In reflecting on our findings, it is evident that educators require a diverse skill set to effectively support digital teaching initiatives, encompassing online communication, time management, technical proficiency and a transition to a more facilitative role.

Conclusions

Since the onset of the pandemic, education systems have unexpectedly transitioned to a new era of education with more focus on DLT. This study underscores the essential role of strategic and operative support of DLT at an organisational level, taking the needs of students and teachers into consideration.

A strategic focus for DLT is needed including reflections on the future goals of teaching in medical education. Educators must be enabled to support students in effective and efficient learning, in multiple ways [73]. Medical schools and education institutions are advised to promote facilitating factors to effective online learning and address barriers hindering effective DLT implementation. For an optimal implementation of DLT, our findings support an alignment between key players’ requirements. The need for alignment is evident in the literature for all three central stakeholders, institutions, teachers, and students. With facilities and resources available to Swiss medical students, it might be expected that education institutions could offer and implement high quality DLT with relative ease. Our results show this was not the case during the pandemic. Sustained financial support for a continued DLT development together with a clear strategy based on didactic insights is needed.
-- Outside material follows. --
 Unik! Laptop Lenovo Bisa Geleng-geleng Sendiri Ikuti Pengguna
Our research reports a lack of institutional structures, communication, digital literacy, teaching strategies, as well as a theoretical foundation for DLT implementation. A conceptual DLT framework adapted to the Swiss universities is needed to prepare for a period of transition to long-term sustainable solutions. Findings have the potential to advise medical institutions in how to implement DLT in a didactical sustainable way, to provide high quality online teaching post pandemic. Changing a system takes time. After all the experiences during the pandemic, for good and for bad, reaching the true potential of DLT will be a journey.
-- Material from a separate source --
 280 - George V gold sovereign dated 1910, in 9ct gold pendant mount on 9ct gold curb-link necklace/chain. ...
While our research focuses on the challenges and strategies within medical education's shift to DLT, the identified requirementfor institutional structures, clear communication, and a robust theoretical foundation for DLT is universally applicable across disciplines. The journey to fully realize the potential of DLT, underscored by our findings, offers valuable insights for all educational institutions striving for sustainable, high-quality online teaching in a post-pandemic world.